- _BRIEF_
Beneath this line are the data; copy exactly the part of them that opens with the line containing "Representação e comparação" and closes with the line containing "dübel 6 Yalıtım", and only that part.
*** Opening INFORMATION ***
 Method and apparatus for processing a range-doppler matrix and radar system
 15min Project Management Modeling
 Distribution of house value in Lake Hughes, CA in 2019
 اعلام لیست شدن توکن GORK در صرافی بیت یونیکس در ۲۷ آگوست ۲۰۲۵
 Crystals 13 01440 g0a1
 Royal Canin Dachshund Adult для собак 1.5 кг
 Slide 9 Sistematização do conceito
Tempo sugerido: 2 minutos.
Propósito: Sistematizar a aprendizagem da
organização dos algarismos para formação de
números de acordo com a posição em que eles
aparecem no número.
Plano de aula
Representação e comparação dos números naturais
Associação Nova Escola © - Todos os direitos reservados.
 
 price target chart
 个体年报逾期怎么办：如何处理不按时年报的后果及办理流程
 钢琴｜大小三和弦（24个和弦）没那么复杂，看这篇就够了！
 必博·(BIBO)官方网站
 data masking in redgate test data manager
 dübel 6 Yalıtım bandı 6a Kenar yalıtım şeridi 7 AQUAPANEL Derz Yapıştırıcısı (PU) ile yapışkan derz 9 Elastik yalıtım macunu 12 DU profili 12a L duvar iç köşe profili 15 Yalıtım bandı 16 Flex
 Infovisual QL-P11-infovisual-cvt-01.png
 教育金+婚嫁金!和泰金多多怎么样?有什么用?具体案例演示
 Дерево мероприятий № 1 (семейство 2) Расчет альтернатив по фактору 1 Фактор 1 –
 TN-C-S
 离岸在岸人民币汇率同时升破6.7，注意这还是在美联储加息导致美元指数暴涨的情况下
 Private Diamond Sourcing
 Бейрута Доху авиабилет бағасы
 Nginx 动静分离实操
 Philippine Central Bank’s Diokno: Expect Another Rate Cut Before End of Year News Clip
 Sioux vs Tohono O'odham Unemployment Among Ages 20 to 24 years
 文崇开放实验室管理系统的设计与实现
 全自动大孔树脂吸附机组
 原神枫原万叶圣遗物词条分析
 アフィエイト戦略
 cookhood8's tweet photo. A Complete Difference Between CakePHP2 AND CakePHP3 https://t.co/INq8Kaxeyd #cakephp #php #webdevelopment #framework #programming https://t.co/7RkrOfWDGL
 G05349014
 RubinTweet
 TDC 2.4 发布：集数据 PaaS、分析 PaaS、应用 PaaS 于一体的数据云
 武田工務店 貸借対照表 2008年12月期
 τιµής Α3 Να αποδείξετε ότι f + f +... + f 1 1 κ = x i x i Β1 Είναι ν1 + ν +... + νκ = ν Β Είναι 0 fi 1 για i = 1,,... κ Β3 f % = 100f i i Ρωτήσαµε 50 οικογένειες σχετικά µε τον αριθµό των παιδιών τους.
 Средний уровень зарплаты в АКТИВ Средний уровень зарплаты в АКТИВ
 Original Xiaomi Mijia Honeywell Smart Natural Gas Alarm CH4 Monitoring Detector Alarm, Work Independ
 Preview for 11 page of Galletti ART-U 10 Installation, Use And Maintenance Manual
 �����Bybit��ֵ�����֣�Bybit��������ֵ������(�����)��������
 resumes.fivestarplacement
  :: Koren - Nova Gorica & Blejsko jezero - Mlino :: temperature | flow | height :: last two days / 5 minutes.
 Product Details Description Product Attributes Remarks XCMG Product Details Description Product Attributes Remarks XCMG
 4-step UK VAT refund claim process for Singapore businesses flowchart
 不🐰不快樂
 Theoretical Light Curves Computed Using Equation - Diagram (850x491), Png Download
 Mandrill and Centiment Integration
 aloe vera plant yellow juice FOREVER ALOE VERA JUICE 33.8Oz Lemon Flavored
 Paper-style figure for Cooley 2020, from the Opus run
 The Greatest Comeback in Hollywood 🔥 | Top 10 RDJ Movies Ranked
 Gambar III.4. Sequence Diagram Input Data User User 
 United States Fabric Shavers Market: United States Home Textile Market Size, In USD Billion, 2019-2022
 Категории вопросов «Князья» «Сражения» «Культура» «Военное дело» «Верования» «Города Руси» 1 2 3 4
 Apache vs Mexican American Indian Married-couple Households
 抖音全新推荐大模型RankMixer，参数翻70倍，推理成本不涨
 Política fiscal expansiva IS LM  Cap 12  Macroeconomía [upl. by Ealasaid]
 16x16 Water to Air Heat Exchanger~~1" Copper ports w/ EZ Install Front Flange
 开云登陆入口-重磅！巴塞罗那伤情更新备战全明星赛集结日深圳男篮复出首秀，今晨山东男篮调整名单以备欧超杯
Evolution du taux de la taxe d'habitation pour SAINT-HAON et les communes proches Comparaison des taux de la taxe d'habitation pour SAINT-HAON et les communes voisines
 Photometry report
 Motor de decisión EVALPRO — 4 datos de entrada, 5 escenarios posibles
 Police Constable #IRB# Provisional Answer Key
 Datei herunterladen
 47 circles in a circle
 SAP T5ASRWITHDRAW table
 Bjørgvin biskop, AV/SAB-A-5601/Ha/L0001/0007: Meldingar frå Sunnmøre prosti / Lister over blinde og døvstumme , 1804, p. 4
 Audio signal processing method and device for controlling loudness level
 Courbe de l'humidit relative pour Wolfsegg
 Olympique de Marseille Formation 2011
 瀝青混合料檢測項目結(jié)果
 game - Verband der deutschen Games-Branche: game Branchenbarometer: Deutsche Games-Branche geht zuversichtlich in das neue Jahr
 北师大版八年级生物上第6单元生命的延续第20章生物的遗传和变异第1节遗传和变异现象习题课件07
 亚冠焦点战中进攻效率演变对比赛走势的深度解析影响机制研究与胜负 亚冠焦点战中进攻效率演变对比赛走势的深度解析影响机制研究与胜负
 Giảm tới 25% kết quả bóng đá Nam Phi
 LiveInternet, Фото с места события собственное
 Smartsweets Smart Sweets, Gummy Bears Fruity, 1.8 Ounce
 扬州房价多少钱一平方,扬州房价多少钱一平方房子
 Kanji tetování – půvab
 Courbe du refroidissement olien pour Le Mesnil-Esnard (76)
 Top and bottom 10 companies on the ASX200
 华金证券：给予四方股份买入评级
*** Closing INFORMATION ***
- _OUTPUT_
Representação e comparação dos números naturais
Associação Nova Escola © - Todos os direitos reservados.
 
 price target chart
 个体年报逾期怎么办：如何处理不按时年报的后果及办理流程
 钢琴｜大小三和弦（24个和弦）没那么复杂，看这篇就够了！
 必博·(BIBO)官方网站
 data masking in redgate test data manager
 dübel 6 Yalıtım bandı 6a Kenar yalıtım şeridi 7 AQUAPANEL Derz Yapıştırıcısı (PU) ile yapışkan derz 9 Elastik yalıtım macunu 12 DU profili 12a L duvar iç köşe profili 15 Yalıtım bandı 16 Flex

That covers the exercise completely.